If you are not changing sensor size, then more/fewer pixels doesn't mean much. Assuming you are using the full frame. If you are reach limited, then smaller pixels have a definite and intrinsic value...you can crop more, and still have good detail. You definitely won't have less noise...you'll have more noise, however cropping higher resolution detail with more noise is often better than cropping lower resolution detail with less noise. Especially in the APS-C world.

1146
EOS Bodies / Re: EOS 7D Mark II Announcement in Q2 of 2014 [CR1]
« on: February 28, 2014, 03:33:34 PM »
People seem to be suggesting (not just on this forum) that Canon are scratching their heads over the potential specifications of a 7D Mk II. I'd have thought that it was pretty obvious -an APS-C sensor version of the 5D Mk III with a higher frame rate (i.e. 8-12fps).

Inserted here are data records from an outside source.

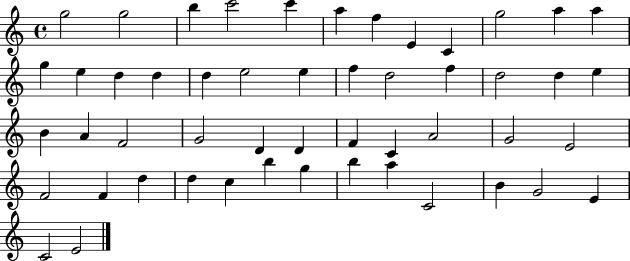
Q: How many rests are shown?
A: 0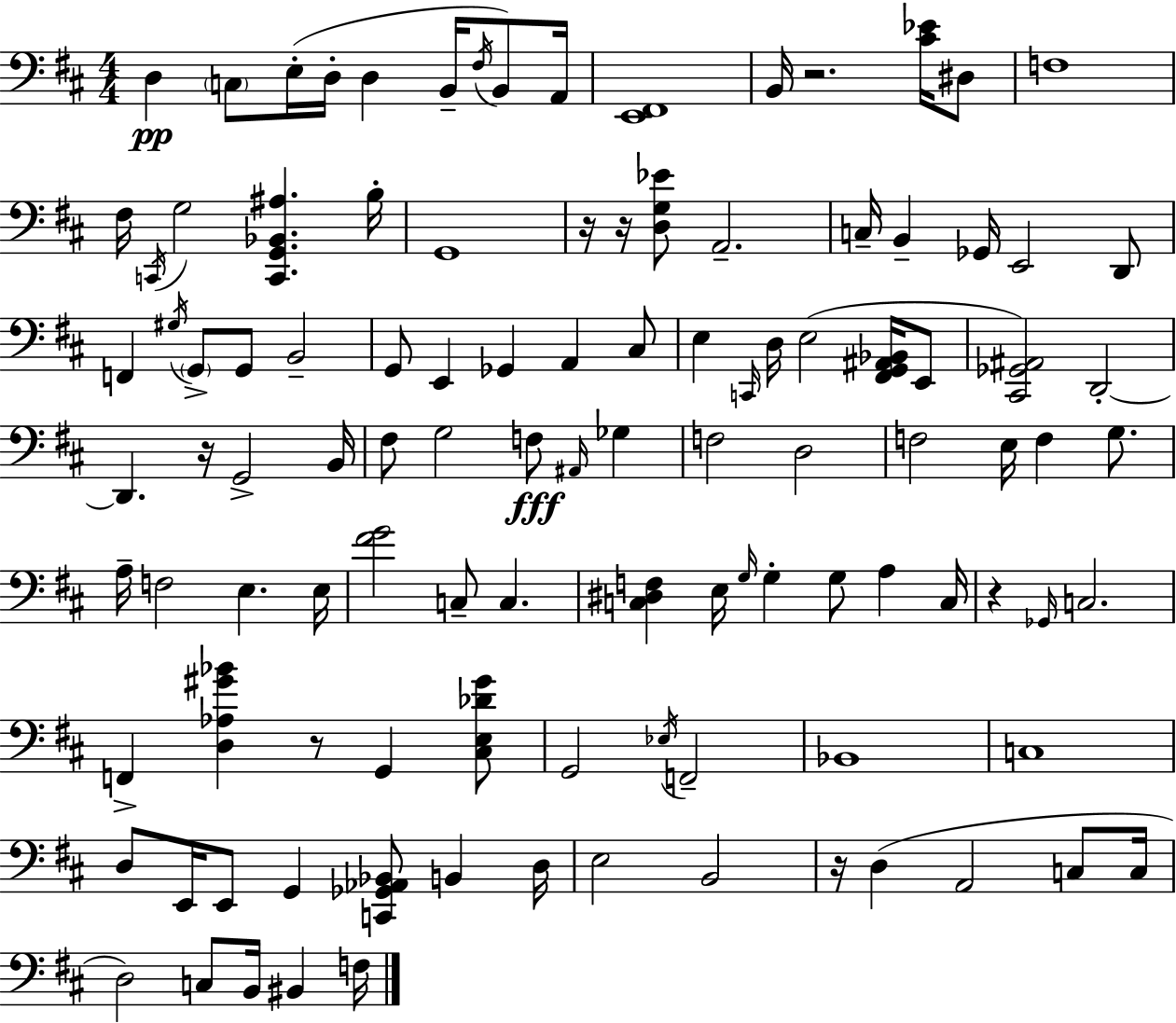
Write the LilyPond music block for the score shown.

{
  \clef bass
  \numericTimeSignature
  \time 4/4
  \key d \major
  d4\pp \parenthesize c8 e16-.( d16-. d4 b,16-- \acciaccatura { fis16 }) b,8 | a,16 <e, fis,>1 | b,16 r2. <cis' ees'>16 dis8 | f1 | \break fis16 \acciaccatura { c,16 } g2 <c, g, bes, ais>4. | b16-. g,1 | r16 r16 <d g ees'>8 a,2.-- | c16-- b,4-- ges,16 e,2 | \break d,8 f,4 \acciaccatura { gis16 } \parenthesize g,8-> g,8 b,2-- | g,8 e,4 ges,4 a,4 | cis8 e4 \grace { c,16 } d16 e2( | <fis, g, ais, bes,>16 e,8 <cis, ges, ais,>2) d,2-.~~ | \break d,4. r16 g,2-> | b,16 fis8 g2 f8\fff | \grace { ais,16 } ges4 f2 d2 | f2 e16 f4 | \break g8. a16-- f2 e4. | e16 <fis' g'>2 c8-- c4. | <c dis f>4 e16 \grace { g16 } g4-. g8 | a4 c16 r4 \grace { ges,16 } c2. | \break f,4-> <d aes gis' bes'>4 r8 | g,4 <cis e des' gis'>8 g,2 \acciaccatura { ees16 } | f,2-- bes,1 | c1 | \break d8 e,16 e,8 g,4 | <c, ges, aes, bes,>8 b,4 d16 e2 | b,2 r16 d4( a,2 | c8 c16 d2) | \break c8 b,16 bis,4 f16 \bar "|."
}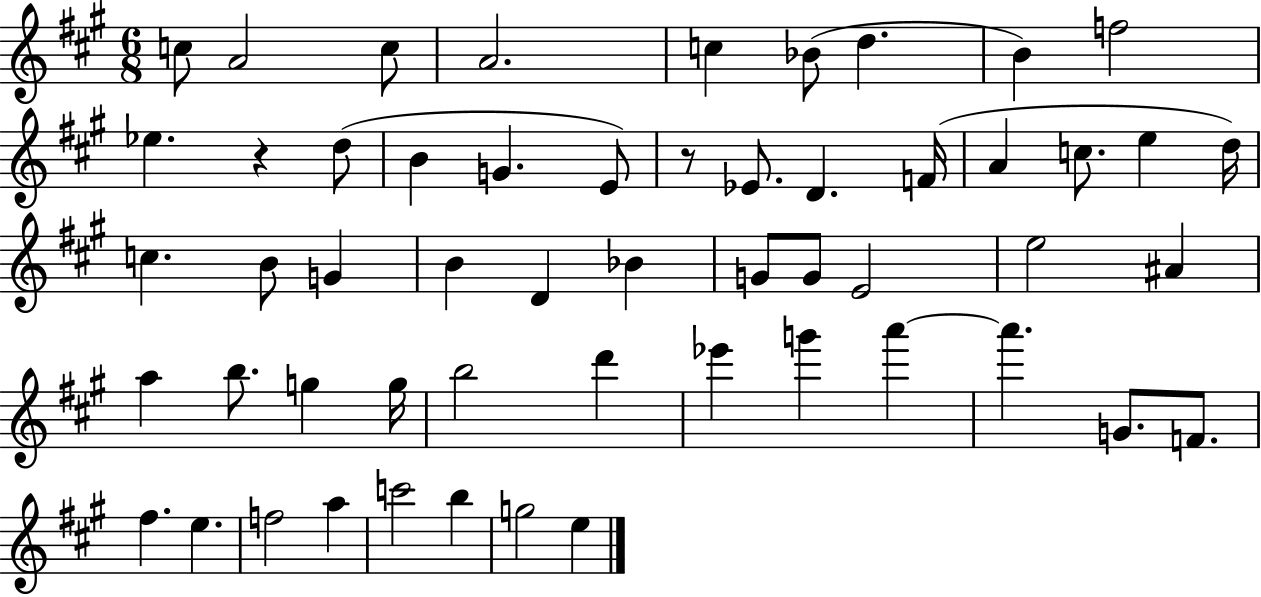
C5/e A4/h C5/e A4/h. C5/q Bb4/e D5/q. B4/q F5/h Eb5/q. R/q D5/e B4/q G4/q. E4/e R/e Eb4/e. D4/q. F4/s A4/q C5/e. E5/q D5/s C5/q. B4/e G4/q B4/q D4/q Bb4/q G4/e G4/e E4/h E5/h A#4/q A5/q B5/e. G5/q G5/s B5/h D6/q Eb6/q G6/q A6/q A6/q. G4/e. F4/e. F#5/q. E5/q. F5/h A5/q C6/h B5/q G5/h E5/q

The elephant in the room is whether the 20MP sensor from the 70D is good enough for their "flagship APS-C camera" or whether Canon are waiting to launch a new generation of sensors in the 7D Mk II. The more time passes from the 70D's introduction, the more likely I think the 7D Mk II will be the launch vehicle for the new generation of sensor; I would therefore expect any announcement to be just prior to Photokina. [Sod's law they will announce it next month and make this prediction wrong!  ::)]

Purely speculation but I would imagine one of Canon's biggest concerns is a new 7D Mark II potentially eating into 1D X and the big white market. They need to make it attractive enough, but not so attractive to take away any of the market from their flagship body and lenses.

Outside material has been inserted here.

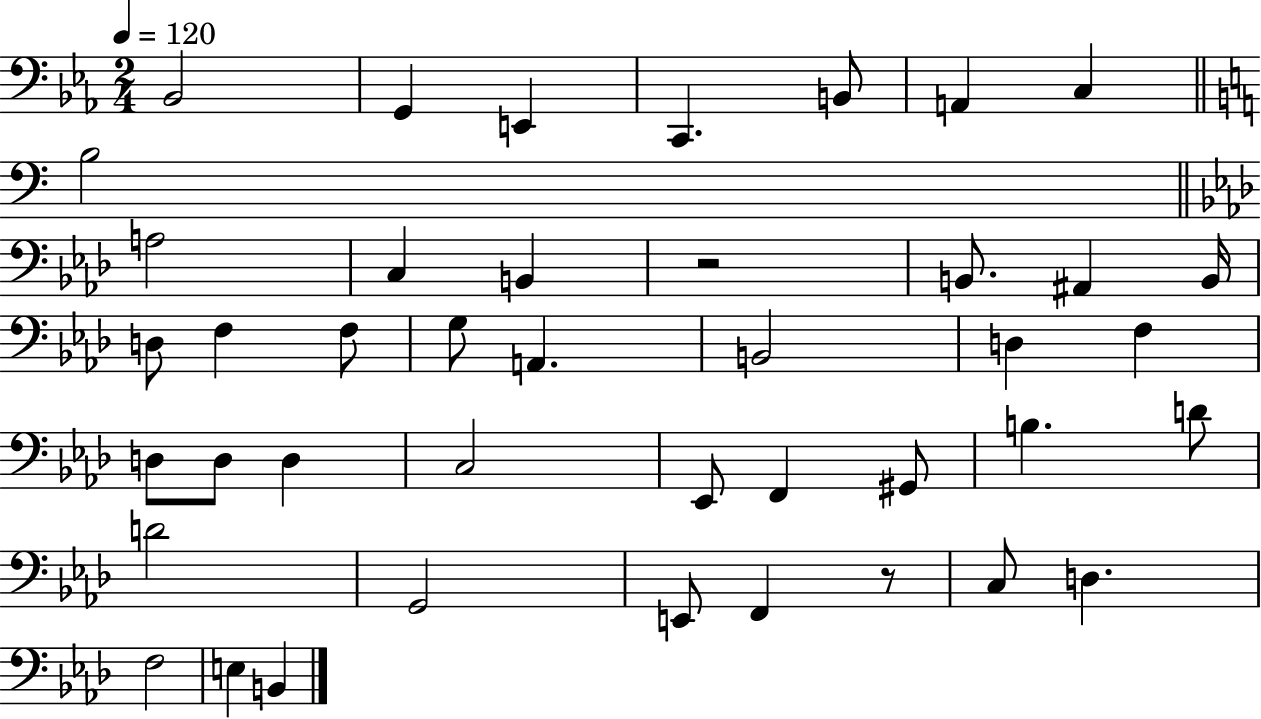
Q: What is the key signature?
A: EES major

This is such an old and tired argument. Canon has nothing to fear from the 7D II stealing from the 1D X. The 1D X is going to be a superior camera in every respect. If someone can afford it and wants the best quality they can get, they are going to get the 1D X. In my previous comment, I explain why. Ultimately, noise is more about sensor area than pixel size. When it comes to pixel peeping, pixel size matters, but pixel peeping isn't photography...it's just a waste of time. FF sensors have more total area than APS-C sensors. For identically framed subjects, that means FF always has the potential to gather more light. More light, less noise. If you choose to stop down, then that is an artistic or technical choice, not a limitation of the technology.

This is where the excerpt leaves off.